Required work
Your copy should hold only the lines from the one containing "Building Photo - 6821 Willowbrook Dr" through the final line of the entries, exactly as written, with no pictures.

Dataset items
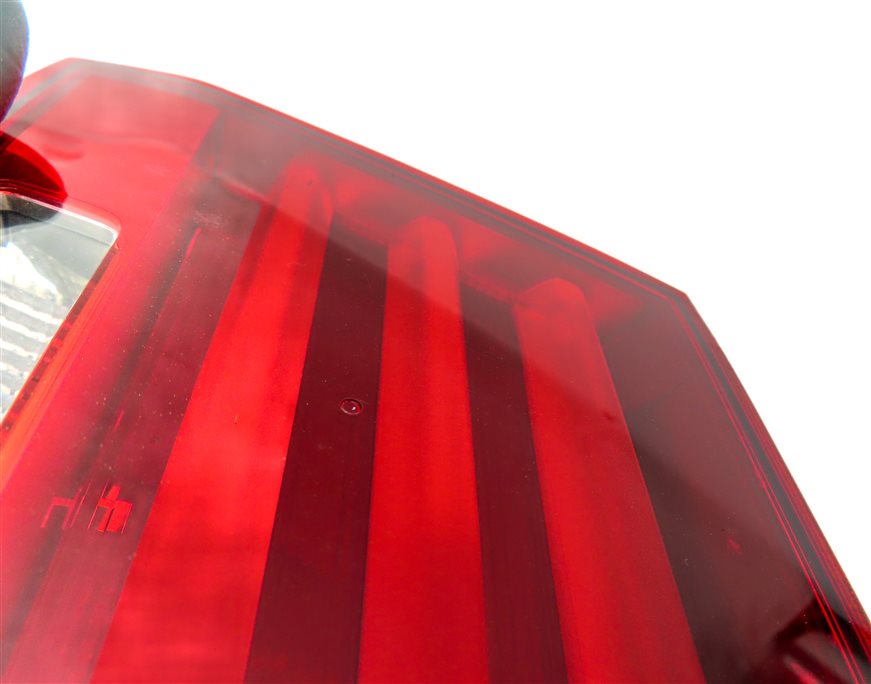 Thumbnail 7: 11-13 BMW 528i 535i 550i M5 (F10) RIGHT REAR INNER TRUNK TAILLIGHT LIGHT LAMP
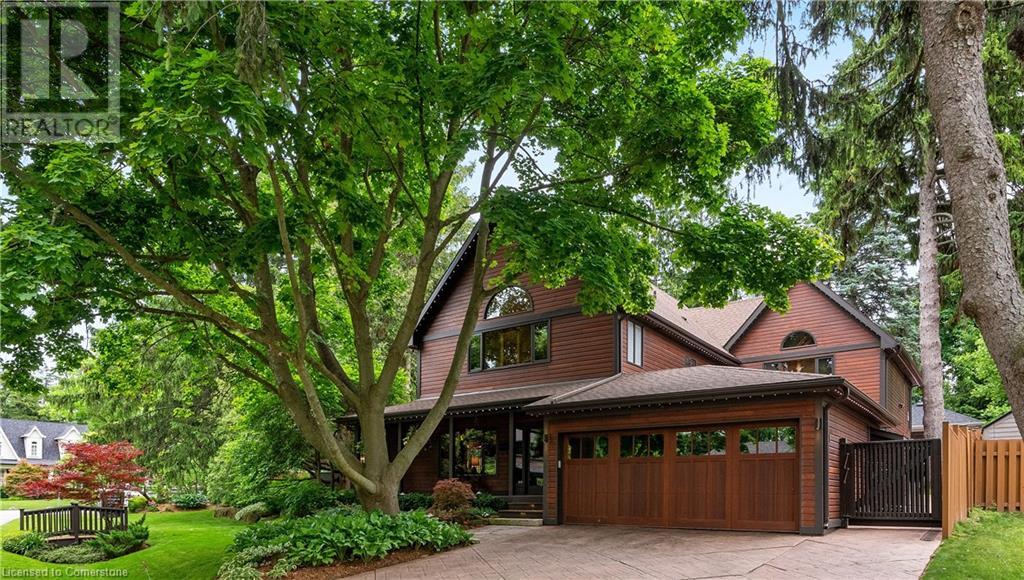 1194 STIRLING Drive, Oakville, Ontario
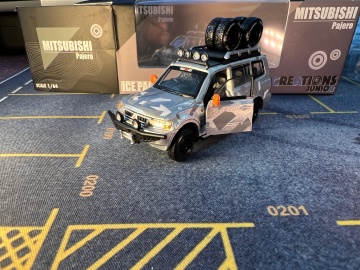 1/64 2001 mitsubishi pajero 3rd gen. rhd *ice pack*, - Img 2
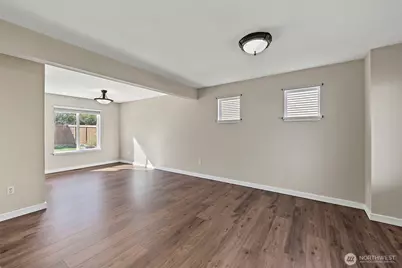 5137 S 303rd Place, Auburn, WA 98001 - Photo 4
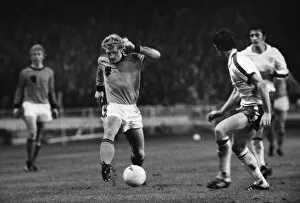 Images Dated 9th February 1977: Hollands Kees Kist and Englands Mike Doyle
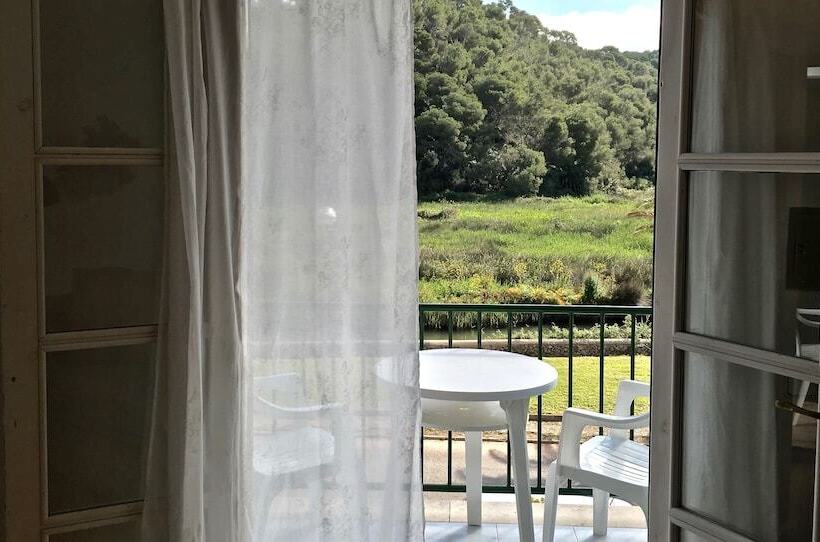 דירת חדר, The Desmais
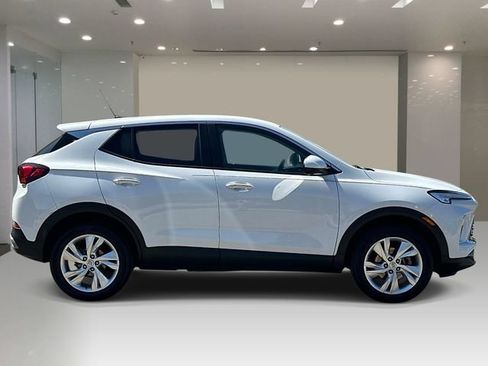 Used 2024 Buick Encore GX Preferred w/ Comfort Package AWD/4WD image 5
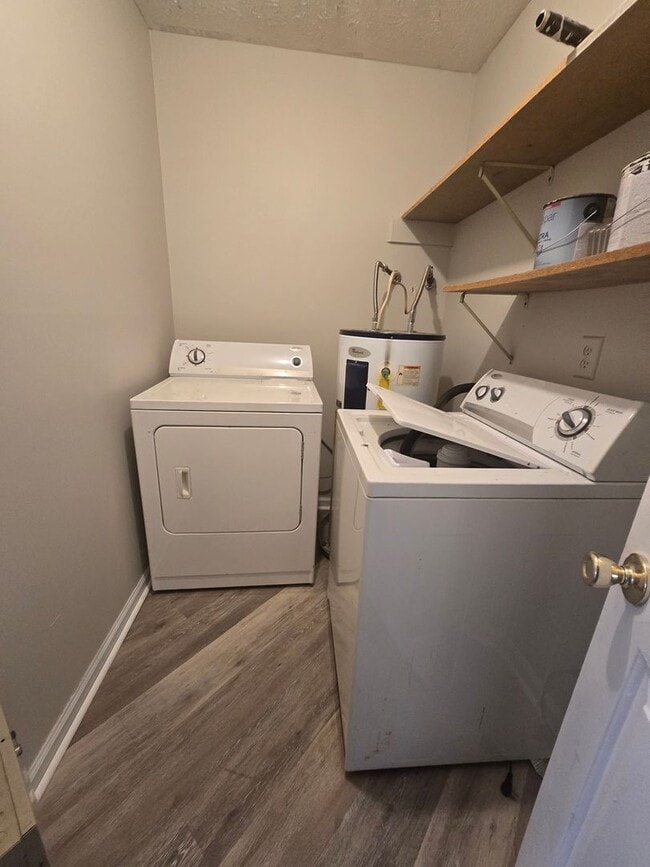 Building Photo - 6821 Willowbrook Dr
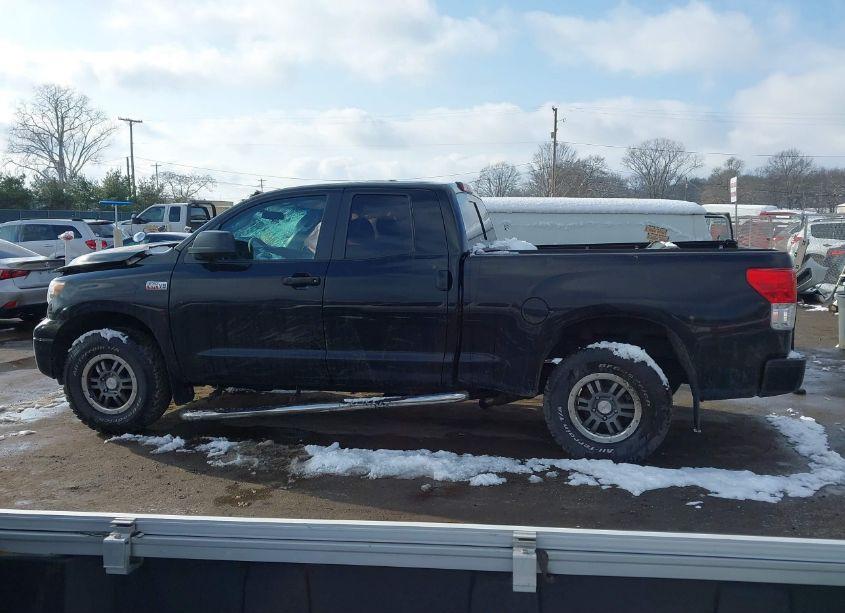 Photo 14 of 2010 Toyota Tundra DOUBLE CAB SR5 (VIN 5TFUW5F18AX108632)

Answer space
 Building Photo - 6821 Willowbrook Dr
 Photo 14 of 2010 Toyota Tundra DOUBLE CAB SR5 (VIN 5TFUW5F18AX108632)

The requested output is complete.